Le mot temps imaginaire me gêne beaucoup à cause de sa place dans la description de la vie psychique.
Qu’on appelle certains objets “particules de charme”, bof, qu’on prenne la métaphore du “bootstrap” (qui me fut expliqué à Peyresc en 1980 quand j’ai présenté un topo “…”, comme … mais j’arrête là car je vais être obligée de décrire les comportements malhonnêtes de certains physiciens qui vous sollicitent, vous utilisent et ensuite, … bof, bof.
Le mot imaginaire est très mal utilisé, j’y tiens et mon point de vue de chercheuse en psychologie, de psychosomaticienne, de spécialiste de Pavlov dont j’ai visité le labo en 1957, et mon point de vue de psychanalyste, devrait pouvoir être envisagé dans une discussion franche, …
Autrement que dans le séminaire où j’avais aimablement invité Schneider, astrophy de Meudon, à raconter ses fantaisies, et qui sur le net ne parle de la psychologie du temps qu’avec le nom de mon ancien patron… Et la déception, ce n’est pas tout, quand je lis des Anciens que ce patron citait légèrement, je veux dire UNE FOIS, une fois seulement alors que cinq pages d’un livre d’un de ces auteurs me fait découvrir … mais bof…
Trève de discussion DANS LE VIDE, un vide qui n’existe pas en psychologie de l’imaginaire…,
sauf à être un résultat inconscient de la pensée qui se perd…, sauf à considérer le vide de la mort et la fin de “notre temps sur terre”…
Un détail ou deux :
J’ai publié une petite “chronique” concluant que “ce n’est pas le temps qui passe, c’est nous qui passons”… et je sors bientôt (fin aout, dans l’édition que j’ai créée avec mes sous, un ouvrage un peu hors du temps :
“Dialogue à la mémoire de … Frédéric Joliot-Curie”, avec R. Lozach (1915-1997), faits d’entretiens enregistrés en 1984, Joliot étant mort il y aura 50 ans dans 13 jours…

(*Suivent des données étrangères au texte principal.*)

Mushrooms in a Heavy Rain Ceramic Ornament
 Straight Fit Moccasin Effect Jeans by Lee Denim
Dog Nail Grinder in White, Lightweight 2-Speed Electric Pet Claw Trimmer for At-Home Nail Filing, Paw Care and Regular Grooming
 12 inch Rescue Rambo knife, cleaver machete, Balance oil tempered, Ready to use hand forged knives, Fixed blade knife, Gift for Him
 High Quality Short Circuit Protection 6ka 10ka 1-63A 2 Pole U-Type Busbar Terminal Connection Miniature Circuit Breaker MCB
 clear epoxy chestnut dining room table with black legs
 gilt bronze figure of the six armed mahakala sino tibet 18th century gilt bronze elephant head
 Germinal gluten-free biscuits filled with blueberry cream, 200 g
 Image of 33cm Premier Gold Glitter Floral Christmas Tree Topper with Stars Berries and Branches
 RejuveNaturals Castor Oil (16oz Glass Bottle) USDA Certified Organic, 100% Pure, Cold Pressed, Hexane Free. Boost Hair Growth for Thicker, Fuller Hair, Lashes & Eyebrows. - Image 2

Nadine Zuili, Edition CENTRE SIMBOL NZ. 01.08.08
Il me semble que le temps imaginaire d’Hawking est un artefact permettant de raisonner sur les structures probables, de l’univers intégrant des classes d’histoires possibles de l’univers, considéré dans un mouvement cyclique Big Bang/Big Crunch.
Cette conception cyclique de l’univers, a l’avantage de sa cohérence logique, et apportant une réponse logique, aux problèmes de l’origine.
Ceci permet d’induire une composante quantique à l’échelle cosmologique.
Notre univers apparaissant comme effondrement de la fonction d’onde à un instant (t).
De nombreuses histoires différentes peuvent aboutir à l’univers que nous connaissons aujourd’hui.